Fig. 3: Comparison of the proposed UQ-AL framework with a passive learning method.
figure 3

The uncertainty measure of predictions for nodal displacement as a function of the (a) active (AL) and (b) passive learning (PL) iterations.

Predictability and generalizability of the PI-GNN mobility law

In the following analysis, the proposed UQ-AL is used to train the PI-GNN model until the predicted uncertainty is reduced to 25% of the mean nodal displacement. The 50% top-performing models in the ensemble are selected for the following validation analysis, in which we compare the single-step (Δt ≈ 1 ps) prediction of the trained models to a validation dataset. The model used for prediction was trained using dipole dataset with RSS  {0.1 GPa, 0.25 GPa, 0.5 GPa, 0.75 GPa, 1.0G Pa}, T {100 K, 300 K, 500 K, 700 K, 1000 K}, and angle(s, b)  (0°, 180°). A separate validation dataset was used to demonstrate the prediction capability of the PI-GNN model. See “Methods” for details on the train/test/validation dataset.

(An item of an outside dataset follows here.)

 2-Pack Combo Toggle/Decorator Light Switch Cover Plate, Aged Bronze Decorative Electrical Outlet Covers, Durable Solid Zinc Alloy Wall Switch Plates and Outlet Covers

We designed three different experiments: (a) the PI-GNNs ensemble is trained on a dataset comprised of nominally straight dislocation dipoles and compared against the dipole validation dataset, (b) the PI-GNNs ensemble is trained on a dataset comprised of expanding shear loops and tested on a loop validation dataset, and (c) the PI-GNNs ensemble is trained on the dipole dataset and tested on the loop dataset. Figure 4 shows selected examples of the single-step prediction; more results can be found in Supplementary Note 2.

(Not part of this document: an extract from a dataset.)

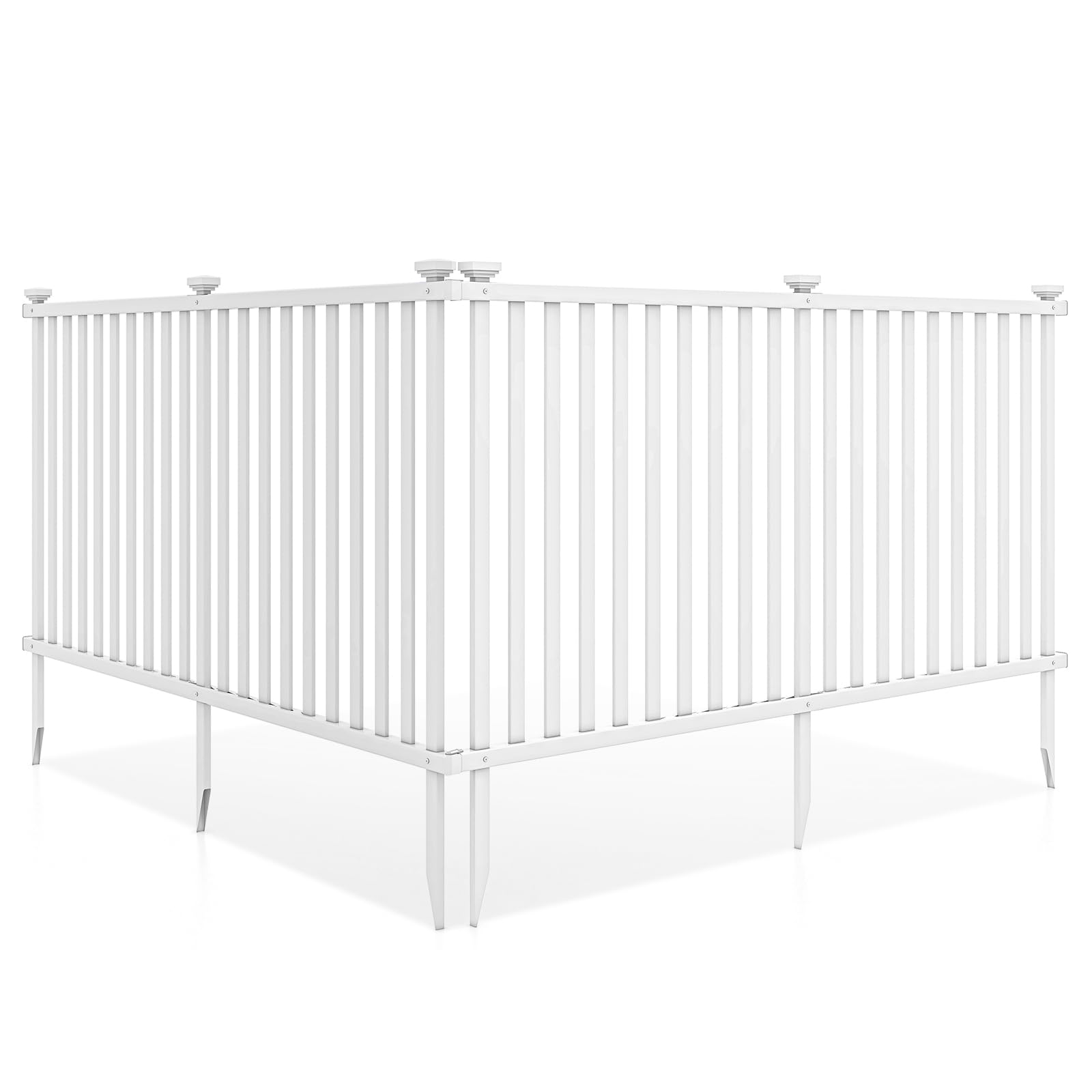 Giantex Picket Fence 2 Panels, 80''W x 37.5''H Decorative Outdoor Garden Fence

Fig. 4: The predicted single-step evolution for various dislocation configurations and learning method.
figure 4

a PI-GNN mobility law is trained on coarse-grained dipole dataset with different RSS values, temperatures, and angles between Burger’s vector and tangent vector. The predictions are also made on dipole configurations with different line orientations at 500 K and 0.9 GPa. b PI-GNN mobility law trained on dislocation loop expansion data and prediction on dislocation loops at 500 K and 0.9, 1.2, and 1.5 GPa. c Testing the generalizability of the PI-GNN mobility law by training on dipole dataset and predicting on loop expansion.

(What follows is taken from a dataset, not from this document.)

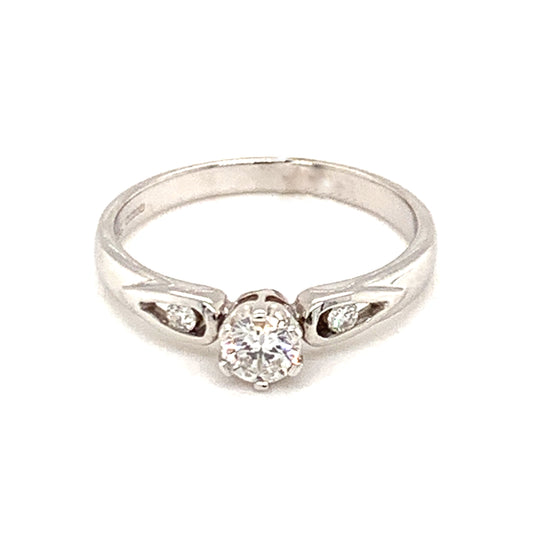 18ct White Gold Brilliant Cut Solitaire Diamond Ring .30ct.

We observe that the PI-GNN is capable of learning an effective mobility law for various dislocation dipole configurations. Experiment (a) (Fig. 4a) shows that the PI-GNN model trained on various conditions of temperature, RSS, and line orientation of a dipole configuration, can learn an effective mobility law to predict the evolution of the dislocation with an out-of-sample dipole configuration. In contrast to experiment (a), where we explicitly sampled the line orientation of the dislocation for training, the PI-GNN learns the dependence of the line orientation directly from the angular distribution on the evolving loops in experiment (b), and accurately predicts the evolution of out-of-sample loop configurations. Experiment (c) shows that the PI-GNN is able to learn the mobility law from the dipole dataset and generalize to the out-of-distribution prediction task for loop configurations. Such generalizability indicates that the PI-GNN is learning the physics of the dislocation dynamics, instead of memorizing the training data.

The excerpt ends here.